§ EXERCISE PROMPT: Each line of the data needs to be transcribed exactly.

(Scraped caption text data)
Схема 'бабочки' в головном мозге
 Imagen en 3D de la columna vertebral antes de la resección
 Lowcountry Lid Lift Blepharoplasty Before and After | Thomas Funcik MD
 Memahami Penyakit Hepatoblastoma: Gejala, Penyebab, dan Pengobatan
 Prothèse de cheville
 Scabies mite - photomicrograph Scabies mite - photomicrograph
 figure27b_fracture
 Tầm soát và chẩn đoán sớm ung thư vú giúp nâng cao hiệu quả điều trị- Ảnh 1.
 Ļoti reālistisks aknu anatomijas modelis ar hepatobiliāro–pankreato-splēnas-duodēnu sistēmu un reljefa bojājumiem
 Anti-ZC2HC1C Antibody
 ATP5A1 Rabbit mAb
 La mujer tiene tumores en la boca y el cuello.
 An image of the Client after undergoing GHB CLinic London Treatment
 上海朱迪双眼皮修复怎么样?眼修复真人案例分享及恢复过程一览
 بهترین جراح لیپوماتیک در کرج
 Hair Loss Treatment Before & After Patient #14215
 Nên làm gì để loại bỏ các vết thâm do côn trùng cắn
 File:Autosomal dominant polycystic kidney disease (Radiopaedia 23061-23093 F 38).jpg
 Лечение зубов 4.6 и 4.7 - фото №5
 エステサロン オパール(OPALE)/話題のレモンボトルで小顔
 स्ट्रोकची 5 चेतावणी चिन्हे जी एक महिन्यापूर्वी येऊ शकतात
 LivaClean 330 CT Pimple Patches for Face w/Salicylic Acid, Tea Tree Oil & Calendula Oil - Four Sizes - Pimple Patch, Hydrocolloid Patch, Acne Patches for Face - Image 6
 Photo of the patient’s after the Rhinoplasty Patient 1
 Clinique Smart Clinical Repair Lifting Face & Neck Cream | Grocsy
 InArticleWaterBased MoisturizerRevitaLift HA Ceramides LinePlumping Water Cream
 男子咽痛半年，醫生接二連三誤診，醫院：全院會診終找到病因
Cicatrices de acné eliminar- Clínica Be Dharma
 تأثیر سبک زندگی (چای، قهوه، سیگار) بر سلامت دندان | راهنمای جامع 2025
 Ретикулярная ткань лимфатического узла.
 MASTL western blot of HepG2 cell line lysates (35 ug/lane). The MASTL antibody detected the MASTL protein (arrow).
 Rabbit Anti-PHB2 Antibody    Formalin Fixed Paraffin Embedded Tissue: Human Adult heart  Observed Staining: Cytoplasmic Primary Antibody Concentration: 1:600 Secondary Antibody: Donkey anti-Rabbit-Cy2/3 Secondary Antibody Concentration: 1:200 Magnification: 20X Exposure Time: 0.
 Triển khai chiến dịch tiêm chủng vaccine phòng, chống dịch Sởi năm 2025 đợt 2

§ EXERCISE ANSWER:
Схема 'бабочки' в головном мозге
 Imagen en 3D de la columna vertebral antes de la resección
 Lowcountry Lid Lift Blepharoplasty Before and After | Thomas Funcik MD
 Memahami Penyakit Hepatoblastoma: Gejala, Penyebab, dan Pengobatan
 Prothèse de cheville
 Scabies mite - photomicrograph Scabies mite - photomicrograph
 figure27b_fracture
 Tầm soát và chẩn đoán sớm ung thư vú giúp nâng cao hiệu quả điều trị- Ảnh 1.
 Ļoti reālistisks aknu anatomijas modelis ar hepatobiliāro–pankreato-splēnas-duodēnu sistēmu un reljefa bojājumiem
 Anti-ZC2HC1C Antibody
 ATP5A1 Rabbit mAb
 La mujer tiene tumores en la boca y el cuello.
 An image of the Client after undergoing GHB CLinic London Treatment
 上海朱迪双眼皮修复怎么样?眼修复真人案例分享及恢复过程一览
 بهترین جراح لیپوماتیک در کرج
 Hair Loss Treatment Before & After Patient #14215
 Nên làm gì để loại bỏ các vết thâm do côn trùng cắn
 File:Autosomal dominant polycystic kidney disease (Radiopaedia 23061-23093 F 38).jpg
 Лечение зубов 4.6 и 4.7 - фото №5
 エステサロン オパール(OPALE)/話題のレモンボトルで小顔
 स्ट्रोकची 5 चेतावणी चिन्हे जी एक महिन्यापूर्वी येऊ शकतात
 LivaClean 330 CT Pimple Patches for Face w/Salicylic Acid, Tea Tree Oil & Calendula Oil - Four Sizes - Pimple Patch, Hydrocolloid Patch, Acne Patches for Face - Image 6
 Photo of the patient’s after the Rhinoplasty Patient 1
 Clinique Smart Clinical Repair Lifting Face & Neck Cream | Grocsy
 InArticleWaterBased MoisturizerRevitaLift HA Ceramides LinePlumping Water Cream
 男子咽痛半年，醫生接二連三誤診，醫院：全院會診終找到病因
Cicatrices de acné eliminar- Clínica Be Dharma
 تأثیر سبک زندگی (چای، قهوه، سیگار) بر سلامت دندان | راهنمای جامع 2025
 Ретикулярная ткань лимфатического узла.
 MASTL western blot of HepG2 cell line lysates (35 ug/lane). The MASTL antibody detected the MASTL protein (arrow).
 Rabbit Anti-PHB2 Antibody    Formalin Fixed Paraffin Embedded Tissue: Human Adult heart  Observed Staining: Cytoplasmic Primary Antibody Concentration: 1:600 Secondary Antibody: Donkey anti-Rabbit-Cy2/3 Secondary Antibody Concentration: 1:200 Magnification: 20X Exposure Time: 0.
 Triển khai chiến dịch tiêm chủng vaccine phòng, chống dịch Sởi năm 2025 đợt 2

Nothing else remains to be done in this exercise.